=== Begin Enclosure ===

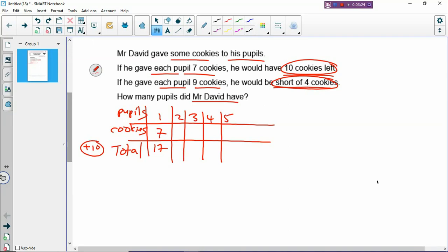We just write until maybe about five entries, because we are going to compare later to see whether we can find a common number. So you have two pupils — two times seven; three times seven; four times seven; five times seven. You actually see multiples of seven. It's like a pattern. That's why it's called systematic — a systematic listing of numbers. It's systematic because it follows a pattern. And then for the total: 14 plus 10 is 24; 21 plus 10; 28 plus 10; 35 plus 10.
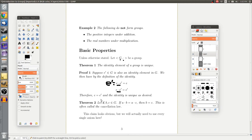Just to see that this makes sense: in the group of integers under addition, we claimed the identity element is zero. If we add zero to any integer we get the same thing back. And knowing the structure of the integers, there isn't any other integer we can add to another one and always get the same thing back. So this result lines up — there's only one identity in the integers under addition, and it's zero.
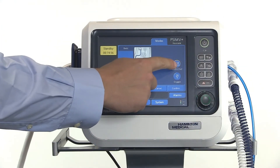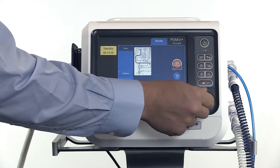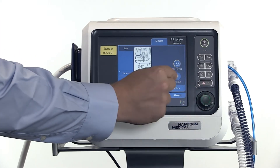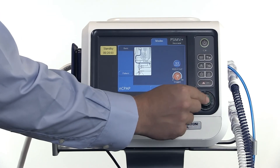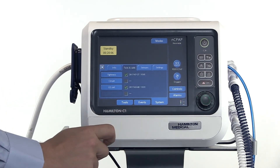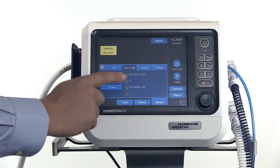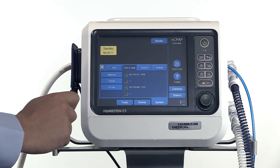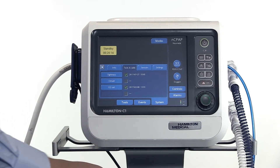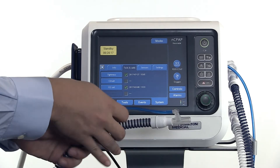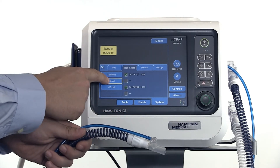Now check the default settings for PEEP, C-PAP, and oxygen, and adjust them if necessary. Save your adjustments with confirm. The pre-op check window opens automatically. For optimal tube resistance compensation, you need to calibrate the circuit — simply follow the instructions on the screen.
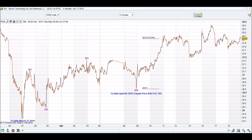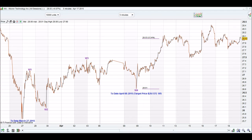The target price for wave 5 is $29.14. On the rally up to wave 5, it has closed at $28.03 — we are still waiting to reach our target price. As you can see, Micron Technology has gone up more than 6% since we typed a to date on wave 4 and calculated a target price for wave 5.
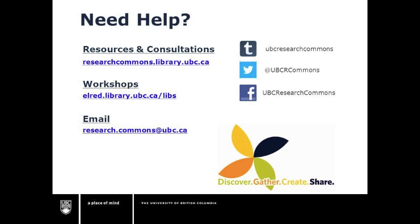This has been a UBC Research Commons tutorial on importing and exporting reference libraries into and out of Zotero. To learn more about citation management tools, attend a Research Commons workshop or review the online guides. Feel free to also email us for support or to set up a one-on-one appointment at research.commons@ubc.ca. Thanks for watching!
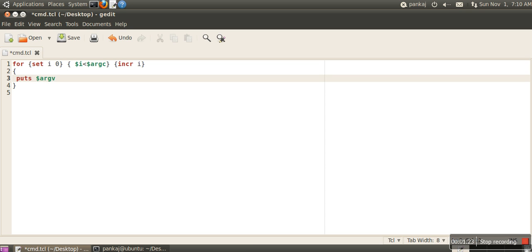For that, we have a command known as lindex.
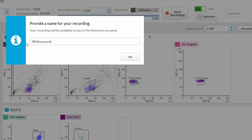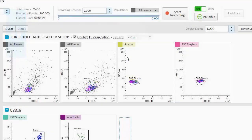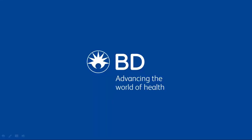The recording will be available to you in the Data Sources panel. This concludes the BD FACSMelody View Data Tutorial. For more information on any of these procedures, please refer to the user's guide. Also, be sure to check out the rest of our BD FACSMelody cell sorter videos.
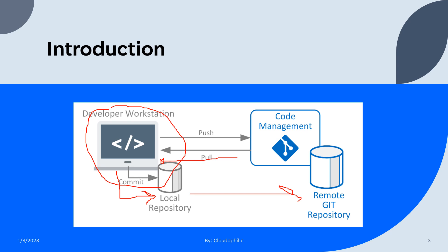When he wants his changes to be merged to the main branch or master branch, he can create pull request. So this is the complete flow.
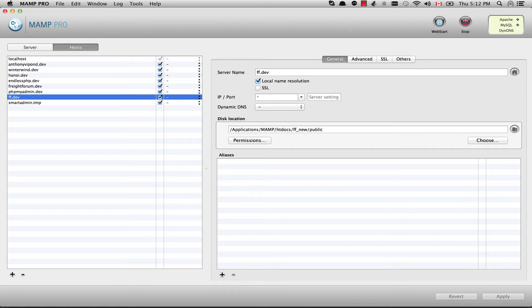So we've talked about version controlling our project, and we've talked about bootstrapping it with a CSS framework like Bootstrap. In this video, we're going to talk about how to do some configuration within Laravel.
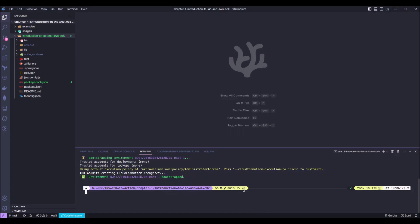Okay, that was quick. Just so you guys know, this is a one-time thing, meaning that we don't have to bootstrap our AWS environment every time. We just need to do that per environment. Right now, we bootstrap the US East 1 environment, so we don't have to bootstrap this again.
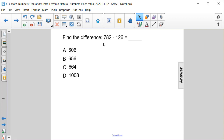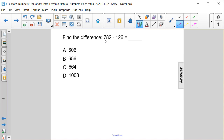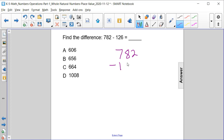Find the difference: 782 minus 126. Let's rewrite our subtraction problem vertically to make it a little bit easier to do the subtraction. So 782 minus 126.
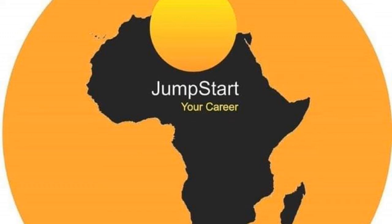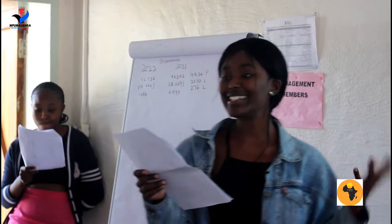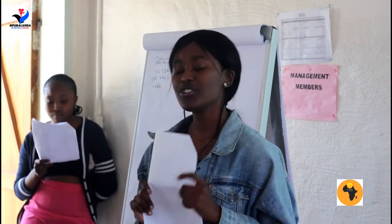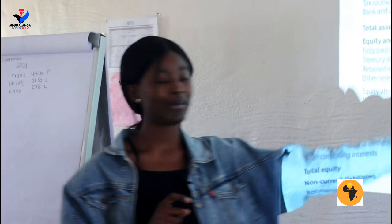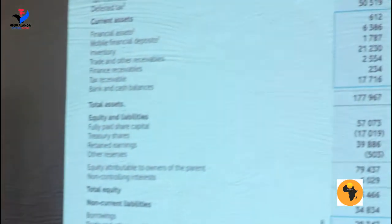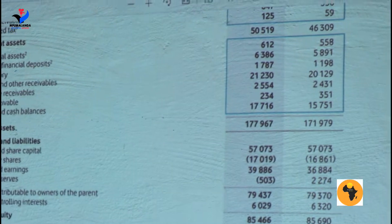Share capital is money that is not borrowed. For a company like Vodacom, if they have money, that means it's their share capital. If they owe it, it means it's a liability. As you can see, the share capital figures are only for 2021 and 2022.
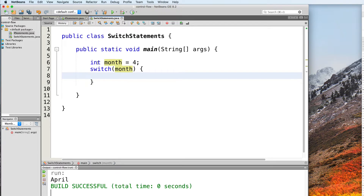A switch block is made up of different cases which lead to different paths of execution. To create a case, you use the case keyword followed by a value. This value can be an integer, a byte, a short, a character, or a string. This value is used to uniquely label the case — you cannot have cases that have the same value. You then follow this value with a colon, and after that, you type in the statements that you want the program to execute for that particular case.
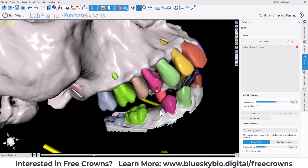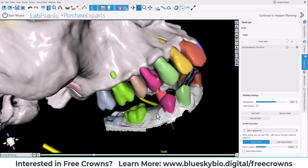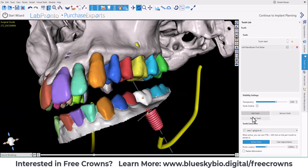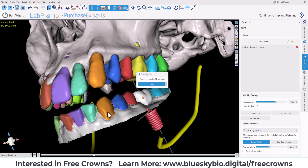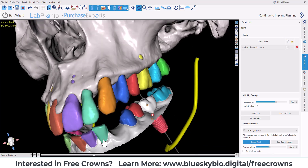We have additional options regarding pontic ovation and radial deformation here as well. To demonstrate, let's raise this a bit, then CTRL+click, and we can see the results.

=== End Enclosure ===
=== Begin Enclosure ===

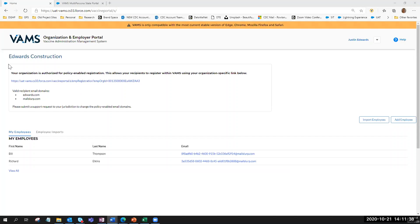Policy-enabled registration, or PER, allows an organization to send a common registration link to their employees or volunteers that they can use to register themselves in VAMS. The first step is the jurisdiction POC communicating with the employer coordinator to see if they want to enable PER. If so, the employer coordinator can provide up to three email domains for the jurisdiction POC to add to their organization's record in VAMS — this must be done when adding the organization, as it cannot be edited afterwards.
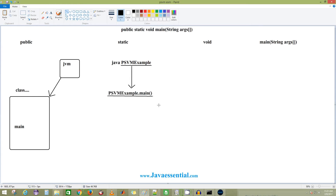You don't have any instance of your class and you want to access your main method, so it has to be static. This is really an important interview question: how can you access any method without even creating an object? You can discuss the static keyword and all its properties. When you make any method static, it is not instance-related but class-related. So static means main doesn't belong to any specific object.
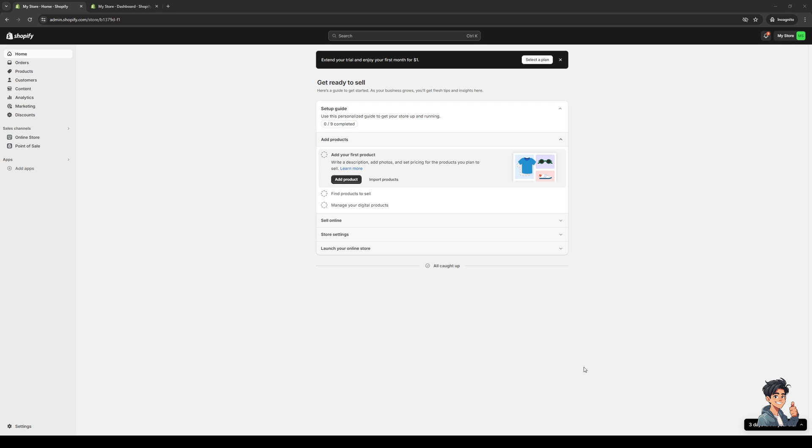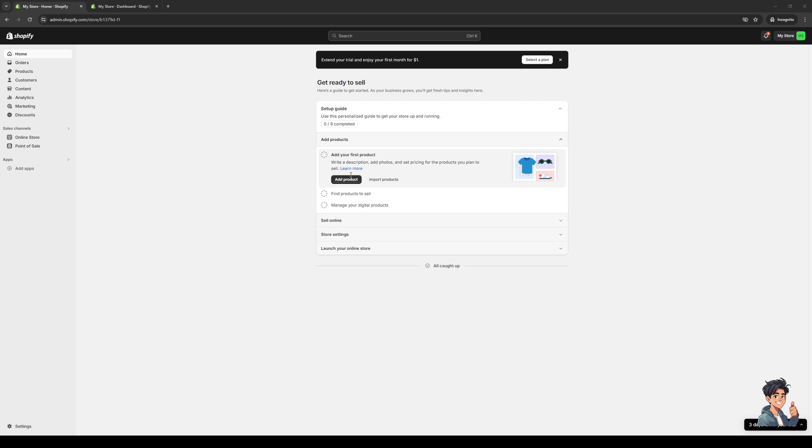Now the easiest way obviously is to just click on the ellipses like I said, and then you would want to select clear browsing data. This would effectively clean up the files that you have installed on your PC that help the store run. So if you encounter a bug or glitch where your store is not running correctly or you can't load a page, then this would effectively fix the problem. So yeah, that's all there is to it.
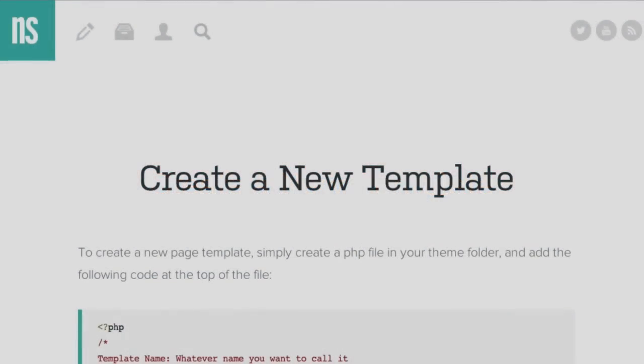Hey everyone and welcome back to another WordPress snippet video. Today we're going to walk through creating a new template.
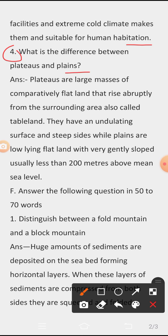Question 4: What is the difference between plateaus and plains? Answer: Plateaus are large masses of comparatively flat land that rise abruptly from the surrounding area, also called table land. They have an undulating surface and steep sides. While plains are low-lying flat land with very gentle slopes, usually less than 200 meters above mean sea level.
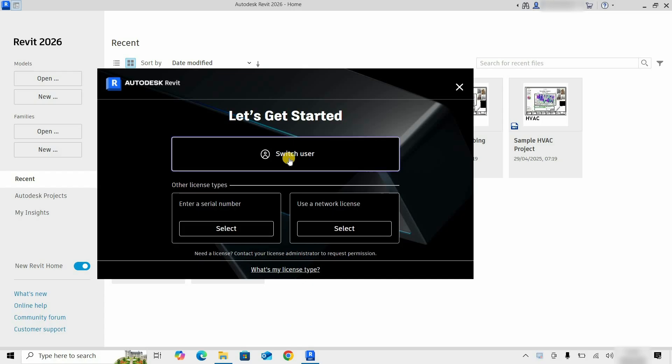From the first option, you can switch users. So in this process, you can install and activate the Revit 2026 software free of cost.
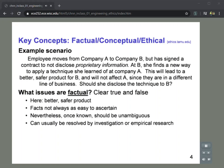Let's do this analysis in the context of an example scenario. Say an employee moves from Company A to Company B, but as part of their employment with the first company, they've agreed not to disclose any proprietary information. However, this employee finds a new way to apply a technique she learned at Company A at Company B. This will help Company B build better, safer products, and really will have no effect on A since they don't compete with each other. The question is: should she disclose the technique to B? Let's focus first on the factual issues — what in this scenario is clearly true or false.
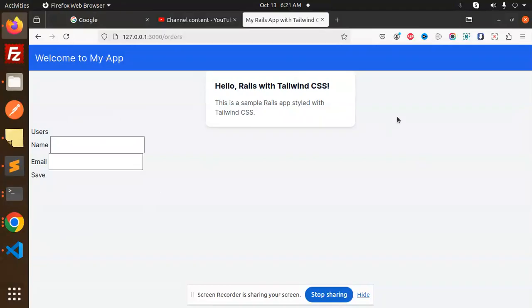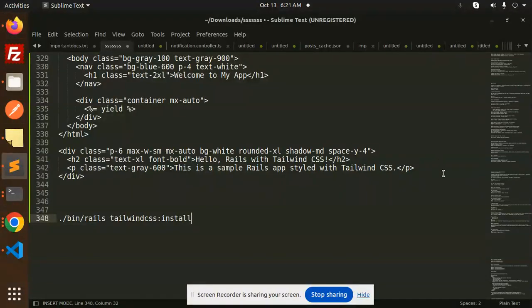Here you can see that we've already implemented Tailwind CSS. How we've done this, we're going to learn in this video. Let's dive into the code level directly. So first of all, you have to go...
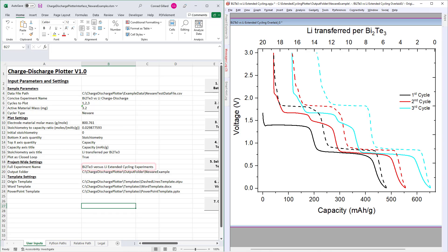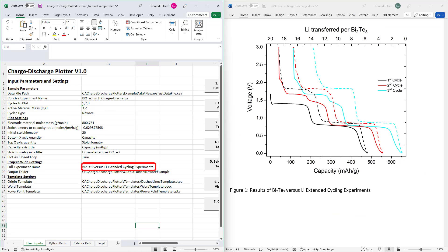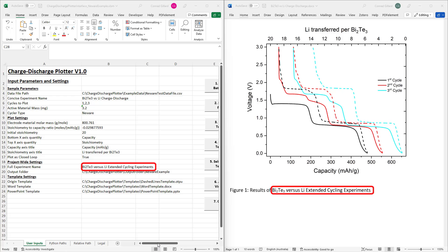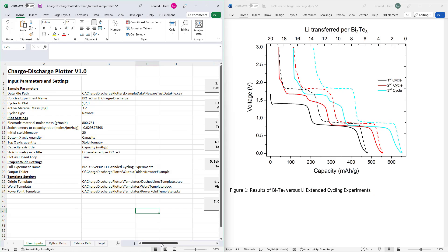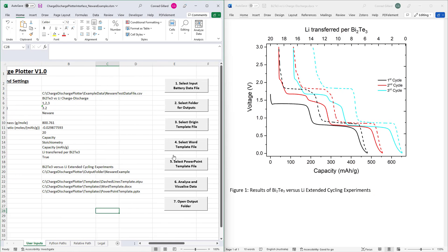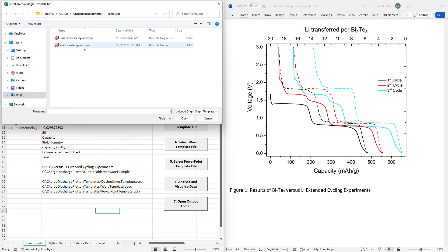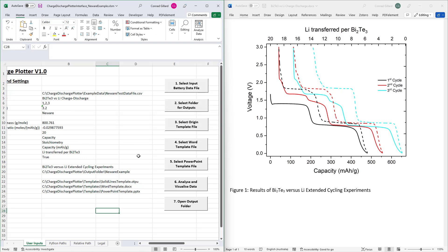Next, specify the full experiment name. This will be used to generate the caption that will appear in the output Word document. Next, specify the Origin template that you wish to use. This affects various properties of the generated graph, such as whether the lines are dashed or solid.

=== End Enclosure ===
=== Begin Enclosure ===

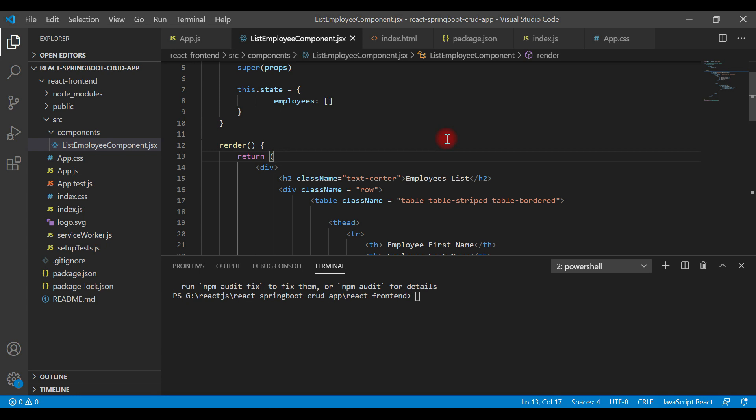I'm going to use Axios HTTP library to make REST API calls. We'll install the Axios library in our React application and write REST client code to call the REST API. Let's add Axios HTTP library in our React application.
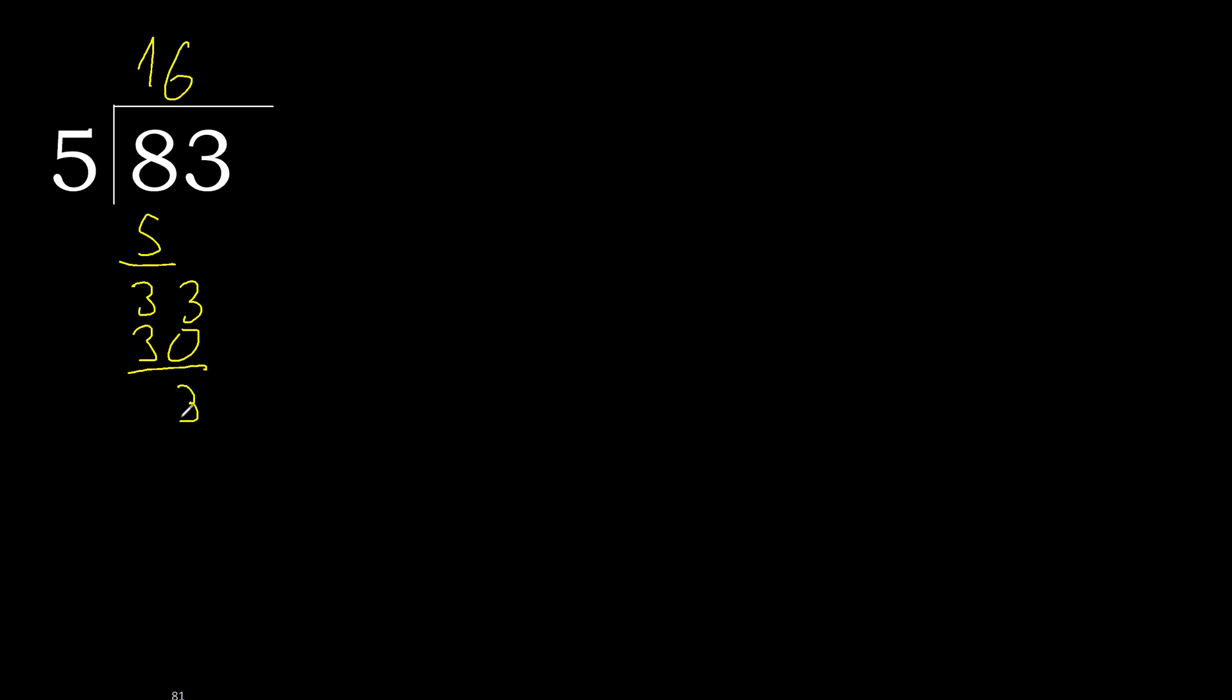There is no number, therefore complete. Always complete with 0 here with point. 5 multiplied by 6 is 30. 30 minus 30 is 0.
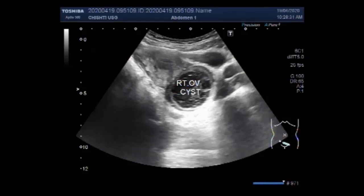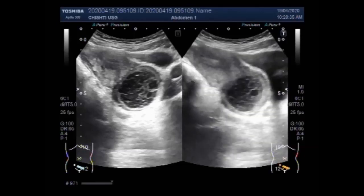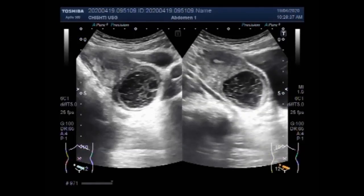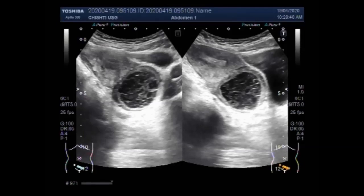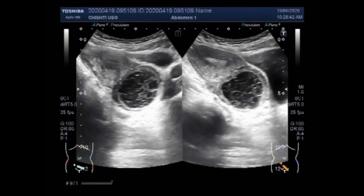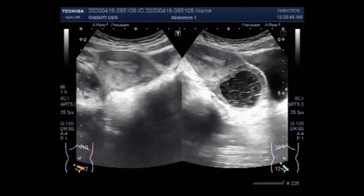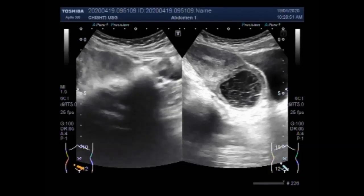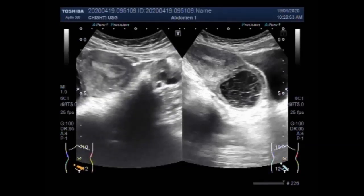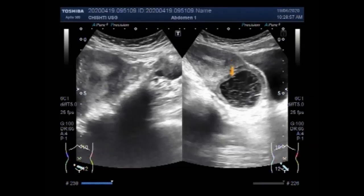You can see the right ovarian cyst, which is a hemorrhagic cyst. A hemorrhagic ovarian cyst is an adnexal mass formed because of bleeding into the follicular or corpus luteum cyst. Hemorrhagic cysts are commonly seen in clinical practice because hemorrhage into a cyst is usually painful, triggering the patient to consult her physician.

=== End Enclosure ===

◆ **PROMPT**: Everything above from the line with "We just write" through the line with "The recording will" should be retyped exactly, and nothing else; omit pictures.

◆ **REPLY TO THE TASK**:
We just write until maybe about five entries, because we are going to compare later to see whether we can find a common number. So you have two pupils — two times seven; three times seven; four times seven; five times seven. You actually see multiples of seven. It's like a pattern. That's why it's called systematic — a systematic listing of numbers. It's systematic because it follows a pattern. And then for the total: 14 plus 10 is 24; 21 plus 10; 28 plus 10; 35 plus 10.
Just to see that this makes sense: in the group of integers under addition, we claimed the identity element is zero. If we add zero to any integer we get the same thing back. And knowing the structure of the integers, there isn't any other integer we can add to another one and always get the same thing back. So this result lines up — there's only one identity in the integers under addition, and it's zero.
Now check the default settings for PEEP, C-PAP, and oxygen, and adjust them if necessary. Save your adjustments with confirm. The pre-op check window opens automatically. For optimal tube resistance compensation, you need to calibrate the circuit — simply follow the instructions on the screen.
The target price for wave 5 is $29.14. On the rally up to wave 5, it has closed at $28.03 — we are still waiting to reach our target price. As you can see, Micron Technology has gone up more than 6% since we typed a to date on wave 4 and calculated a target price for wave 5.
This has been a UBC Research Commons tutorial on importing and exporting reference libraries into and out of Zotero. To learn more about citation management tools, attend a Research Commons workshop or review the online guides. Feel free to also email us for support or to set up a one-on-one appointment at research.commons@ubc.ca. Thanks for watching!
For that, we have a command known as lindex.
The recording will be available to you in the Data Sources panel. This concludes the BD FACSMelody View Data Tutorial. For more information on any of these procedures, please refer to the user's guide. Also, be sure to check out the rest of our BD FACSMelody cell sorter videos.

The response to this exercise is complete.